Scott, who was chosen Thursday to deliver the Republican Party’s response to President Biden’s speech to a joint session of Congress on April 28, was the subject of a lengthy piece by the Post’s fact-checker, Glenn Kessler.
“If you find yourself telling the grandson of a Depression-era Black man who spent his youth picking cotton to check his privilege, please for the love of all that is holy log off, WaPo,” Washington Examiner executive editor Seth Mandel responded.
Pundit Stephen L. Miller added, “Democrats and media can lie about what Jim Crow was for weeks on end and not a word from Glenn or his newspaper. Not one. A black conservative Senator whose grandfather actually lived during Jim Crow comes along.. Glenn is ‘Now wait just a minute.’ This is a stunning new low.”
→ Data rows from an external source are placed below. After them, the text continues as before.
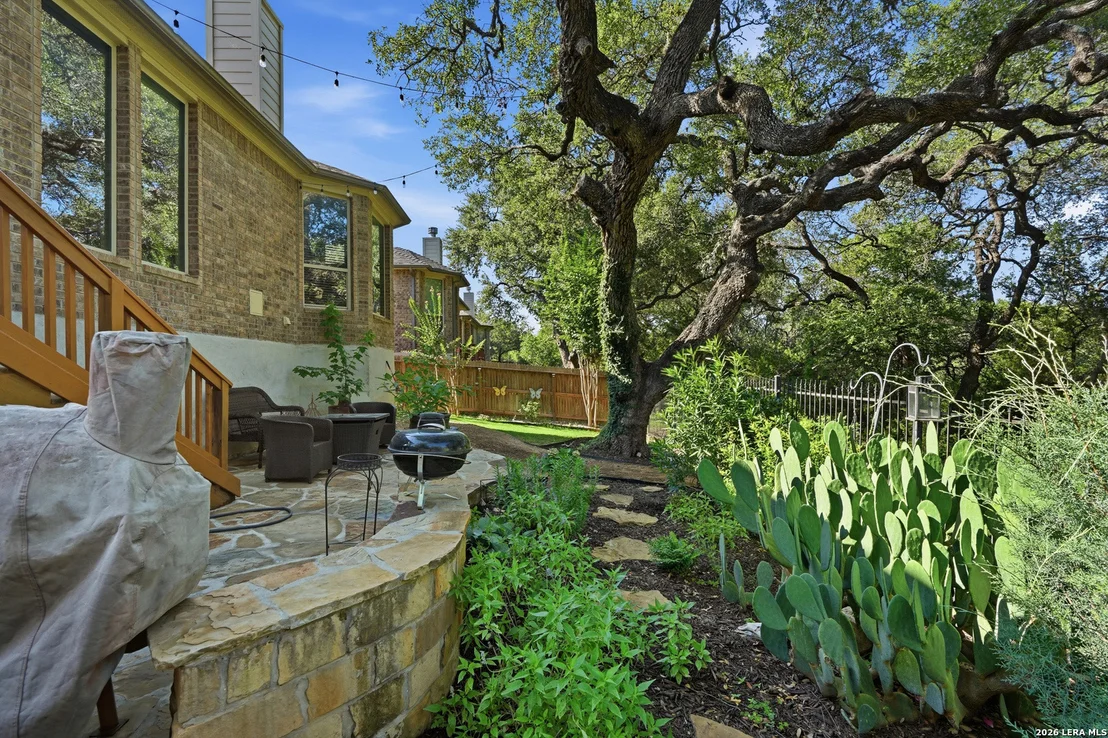 Photo of 21106 Capri Oaks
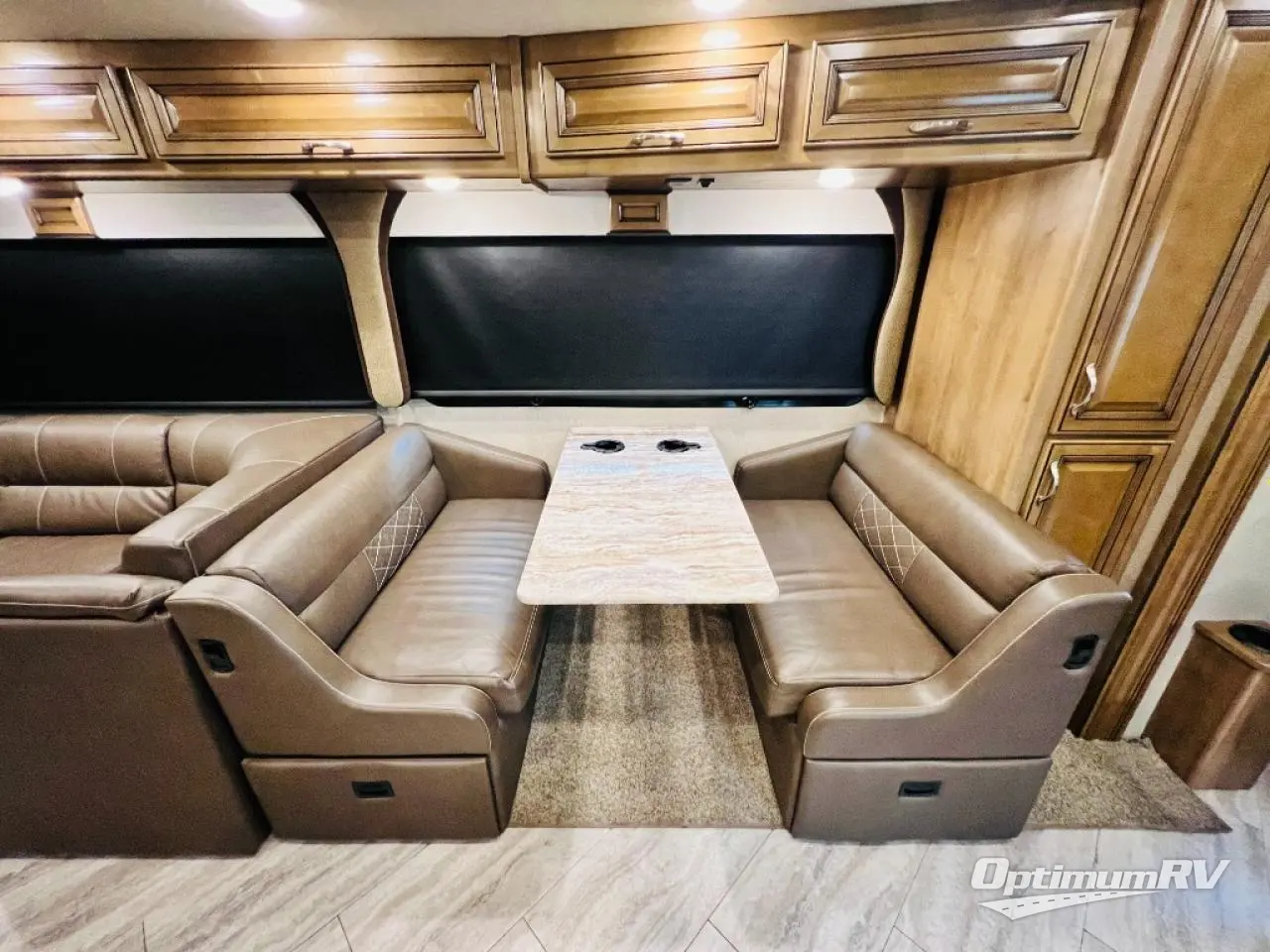 2019 Fleetwood Bounder 33C Photo 16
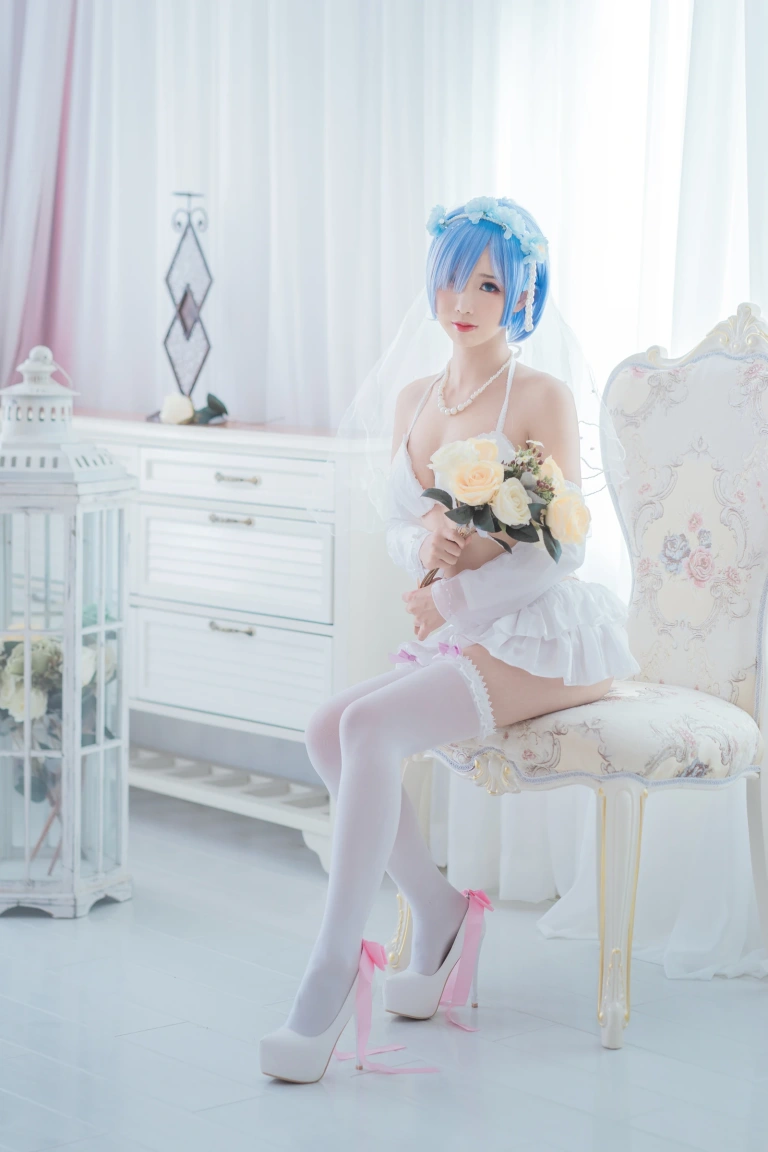 面饼仙儿《花嫁蕾姆》主题写真：28张全套美图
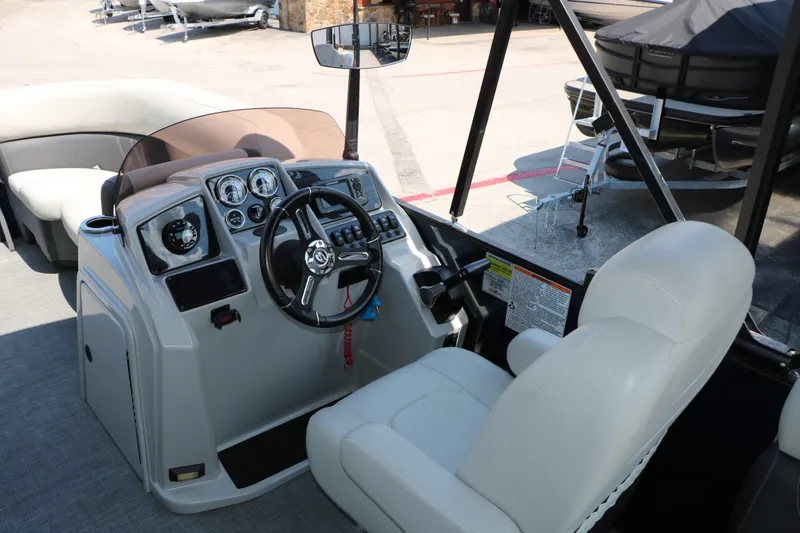 Slide: The Image of Sylvan Mirage 820LZ 2023 - 28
The piece, “Tim Scott often talks about his grandfather and cotton. There’s more to that tale,” examined the “origin stories” of comments the Senator has made about being an ancestor of slaves. Scott has said his grandfather dropped out of elementary school to pick cotton, so the liberal newspaper enlisted its fact-checker to get to the bottom of the claim.
“The tale of his grandfather fits in with a narrative of Scott moving up from humble circumstances to reach a position of political power in the U.S. Senate,” Kessler wrote. “But Scott separately has acknowledged that his great-great-grandfather, Lawrence Ware, once owned 900 acres in South Carolina.”
Kessler then declared he “dug into the South Carolina census records” to “close this gap in Scott’s narrative” despite admitting “census data is historically questionable at best — and at times unreliable.”
“Our research reveals a more complex story than what Scott tells audiences. Scott’s grandfather’s father was also a substantial landowner — and Scott’s grandfather, Artis Ware, worked on that farm,” Kessler wrote. “Scott’s family history in South Carolina offers a fascinating window into a little-known aspect of history in the racist South following the Civil War and in the immediate aftermath of slavery — that some enterprising Black families purchased property as a way to avoid sharecropping and achieve a measure of independence from White-dominated society.”
Kessler then dove into a longwinded tale of Scott’s ancestors using data he already admitted was often unreliable.
Kessler then declared, “Scott’s ‘cotton to Congress’ line is missing some nuance, but we are not going to rate his statements.” The Post fact checker declined to give Scott any Pinocchios.
“Scott tells a tidy story packaged for political consumption, but a close look shows how some of his family’s early and improbable success gets flattened and written out of his biography. Against heavy odds, Scott’s ancestors amassed relatively large areas of farmland, a mark of distinction in the Black community at the time,” Kessler wrote. “Scott, moreover, does not mention that his grandfather worked on his father’s farm — a farm that was expanded through land acquisitions even during the Great Depression, when many other Black farmers were forced out of business.”
“Senator Scott deserves an apology for this. It’s everything wrong with the fact checking industry. The targeting. The lack of good faith. The personal side of it. It’s bad,” political strategist Rory Cooper wrote.
Former U.S. Ambassador to the United Nations Nikki Haley called the article “shameful.”
One journalist called the article, “the most cringe inducing thing I have seen in an American newspaper in many years.”
Republican strategist Matt Whitlock pointed out that most people will see the headline without having access to the article because of the Post’s paywall and assume Scott was lying about his family.
The Washington Post did not immediately respond to a request for comment. Scott’s office declined comment, saying he was focused on delivering the GOP response to Biden’s first speech to a joint session of Congress.